Where does the time go? It is bittersweet. I never thought I would say that, being someone who loves the moment, looks to the future and embraces the past only as a fond memory, seldom with regret. Something happens when I see my little girl, now a wise young woman, with the gentleman she loves. He adores her too… and I realize it is another ‘phase’ of releasing her into independence. All in all it is a good thing and I’m excited for her future.
Tonight is also Bryan’s grade 8 graduation. He is a handsome, young gentleman, considerably taller than me, and has a great sense of humour. His sisters decided how he should dress for grad and, much to my surprise, he took their advice. (And looked great!) I spent several hours shopping with him several weeks ago, with no luck. Today we gave it one more shot and, less than an hour into the expedition, we had his outfit!

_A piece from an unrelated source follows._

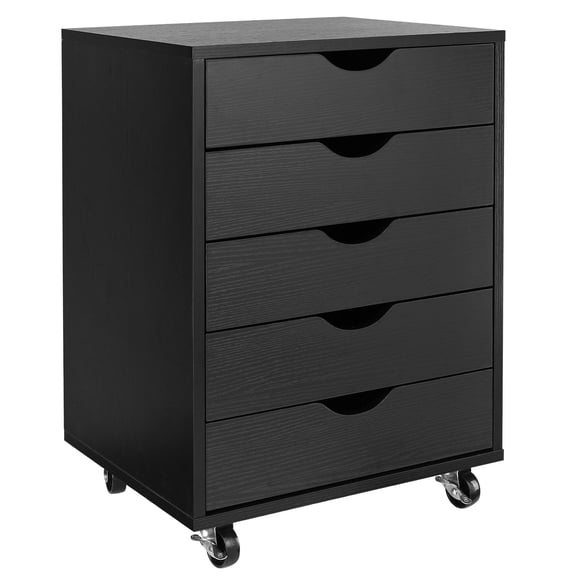 Classeur Mobile en Bois à 5 Tiroirs, Classeur Vertical pour Bureau à Domicile avec Roulettes Verrouillables pour Dossiers, Chemises et Documents Format Lettre A4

After grad ceremonies the school always has a dance, beginning with a father-daughter, and mother-son dance. During the dance with Bryan, we talked about high school—he brought it up. I told him how proud I am of him. He is my son and that is all that is required to make him shine in my eyes, in my heart. I encourage him to succeed, not to make him more acceptable, but to launch him into the best future possible, to make the dreams God has planted in him come true for him. It was a pretty sweet dance
These milestones undoubtedly make us, as parents, stop and ask, “Have I done all that I could do?” And, inevitably, the answer is, ‘No, I’ve fallen short.” At least I know I have fallen short. I make silent vows for the future, vows I won’t take lightly. And in these moments I’m always tempted to slip into regret, to dwell on the things I should have done….
For tonight, I leave regrets behind and rest, knowing God holds my children in His heart. He has a good plan for their lives and will redeem our imperfect parenting. I thank God that He was always there for me and I can trust Him with my children.